Many blogs by parents of autistic children discuss the importance of religious faith in their lives and how it helps their family find needed strength and understanding. Some of these also discuss questions of accomodation and acceptance within their church, with varying degrees of success. It is along these lines that the story of Matthew, a 10-year old autistic boy in Phoenix whose family is in a dispute with the Catholic Church over accomodations for Communion, has been told in various news stories.

A quick summary of the situation:

The Catholic Church has told the parents of a 10-year-old autistic boy that, because the child cannot consume the host, he is not receiving Communion properly. Until he does, church officials say, he cannot partake of the church's most meaningful sacrament.

According to a letter from Bishop Thomas J. Olmsted, delivered to the Lake Havasu City family on Feb. 12, the boy cannot accept Communion in the Catholic Church until he can "actually receive the Eucharist, actually take and eat."
Beyond the practices of specific denominations, or individual congregations, this situation raises the even more important question to parents: “What does God (in this case, the Catholic version) think about this boy who is unable to physically accept the Eucharist?” There are several articles and blogs that address this question from a theological standpoint, so I’m not going to go into any detail here (see the list of various news stories linked to above.) But it is a question that believers of all faiths and denominations must grapple with.

In Matthew’s story, the boy’s father has the following to say:
"I took my son to CCD (religious education) classes for two years to prepare him," said Moran, a stay-at-home father. "He deserves it."

Moran also said his son realizes that he is doing something special. When he was not allowed to go to Communion on Feb. 26, "it was terrible," said Matthew's mother. "Matt screamed and cried because he did not get his Communion."
This intrigued me on many levels. First, these are assumptions by the father on why his son was upset about being denied communion. The father assumed it was because his son was upset that his ability to accept the Eucharist would affect his relationship with God. Perhaps, though, Matthew’s reaction was based not on the content of the situation but the context: his well established routine had been violated. And we all know that (warning: gross generalization ahead) autistics don’t like their routines messed with.

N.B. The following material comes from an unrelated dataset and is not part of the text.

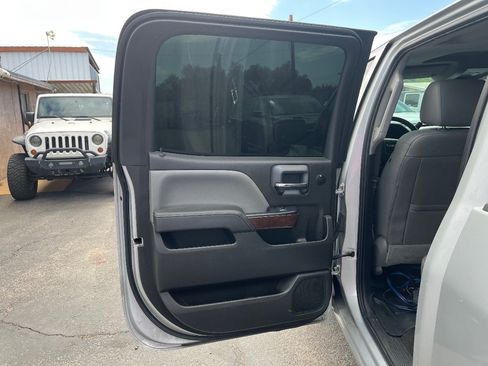 Used 2016 GMC Sierra 1500 SLT AWD/4WD image 14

Can autistic kids, in general, have true religious beliefs, true faith? Do they understand the meaning of, for instance, the death and resurrection of Jesus? Just because they can learn and participate in the rituals, does that mean they get the abstract meaning, the reading between the lines? (To be honest, this is a question I wonder about with NT kids as well.)

As parents, I think we all have an idea of what God thinks about our autistic children. I guess the question I’m asking is: What do our autistic children think about God?

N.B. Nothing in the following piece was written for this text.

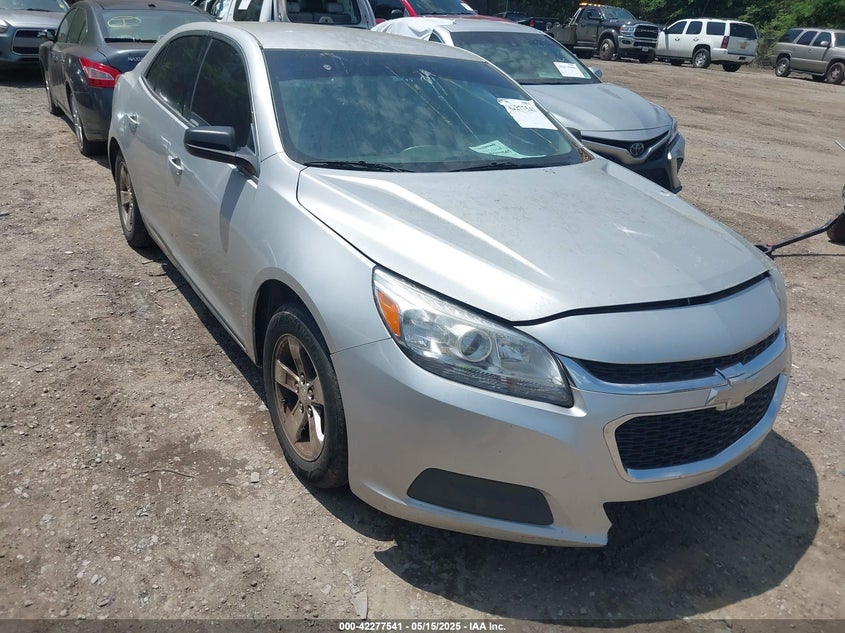 2015 Chevrolet Malibu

tagged as: Autism, Asperger's Syndrome, Religion, God, Roman Catholic Church

4 comments:

Anonymous said...

I am a Roman Catholic and my son is autistic. I am not offended at all that he is not permitted to receive The Blessed Sacrament. He was baptised and confirmed. As far as I am concerned (and my pastor agrees), my son is a saint on earth and he will go straight to heaven when he dies. Since there is no way of knowing for sure if he understands that the host is NOT bread, but the actual body, blood, soul and divinity of Jesus Christ, it would be a sacrilege to allow him to receive Holy Communion. And he does NOT NEED to - he is a part of The Church and God loves him just the way He made him.

Brett said...

Bridget, thanks for sharing your thoughts. This is a very personal area, and one that presents serious challenges to parents, both in terms of raising your child and better understanding your faith. I'm glad you and your pastor have been able to figure it out.

Anonymous said...

I am a Catholic, sort of. My son being struck with Autism has devastated my faith, which I have tried to hang on to. I've read works both simple and profound to justify my faith. More importantly, I have prayed, and cried out to God, both for my son and for other children even more disabled than him, but with no appreciable result.

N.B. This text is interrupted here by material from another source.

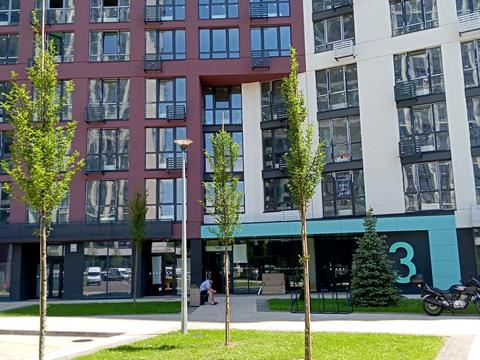 квартира по адресу Виктора Некрасова ул. (Північно-Сирецька), 10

My quandry is not that I do not believe in God. I just have a hard time believing He cares. If He is all powerful, all caring, and all loving, I wish He'd shed a little mercy on the poor kids in my son's classroom.

Anonymous said...

I had the honor a few years ago to be a "pal" to a young man as he prepared to receive First Communion. With time, repetition and the support of family and church staff, it became clear that he understood the meaning of Eucharist and was able to receive his First Communion. Certainly, this is a most personal decision on the part of parents, but I do strongly believe that the Church needs to have strong, caring, inclusive religious education programs that enable children with autism, like my pal, and other disabilities, to learn about and receive the sacraments according to their ability.

The extent of religious education should be governed by the ability of the child, not the ability of the church to provide catechesis.

I will forever be grateful to my pal for the lessons in faith and persistence that he taught me.